| Your objective |
In the data below, find the line containing "Le prince Albert"; transcribe it and each line after it exactly, through the last, skipping pictures.

| Given information |
[Start of section]

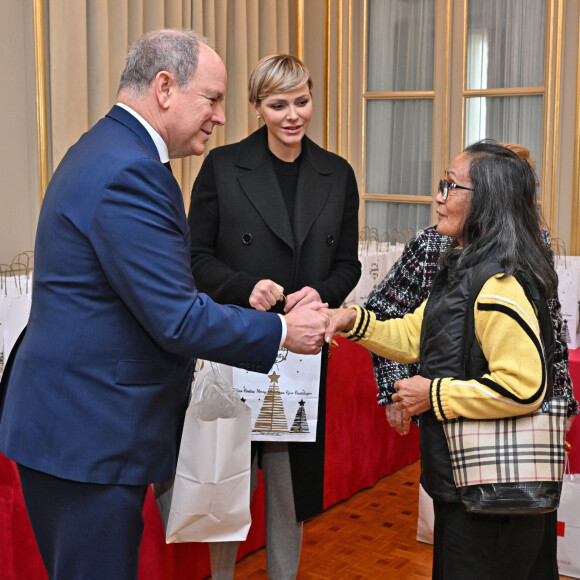 C'est l'occasion ou jamais d'avoir le coeur sur la main pour Albert et Charlene.
Le prince Albert II de Monaco et la princesse Charlene ont remis des cadeaux aux anciens dans la cadre des festivités liées aux fêtes de Noël, au siège de la Croix-Rouge à Monaco, le 14 décembre 2023. © Bruno Bebert/Bestimage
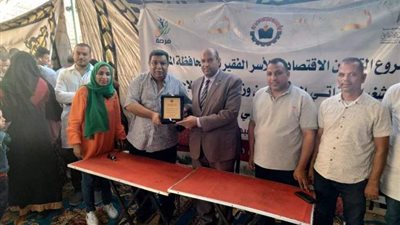 الطب البيطري بالمنيا تنظم قافلة مجانية بقرية قلوصنا في سمالوط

[End of section]

| Response below |
Le prince Albert II de Monaco et la princesse Charlene ont remis des cadeaux aux anciens dans la cadre des festivités liées aux fêtes de Noël, au siège de la Croix-Rouge à Monaco, le 14 décembre 2023. © Bruno Bebert/Bestimage
 الطب البيطري بالمنيا تنظم قافلة مجانية بقرية قلوصنا في سمالوط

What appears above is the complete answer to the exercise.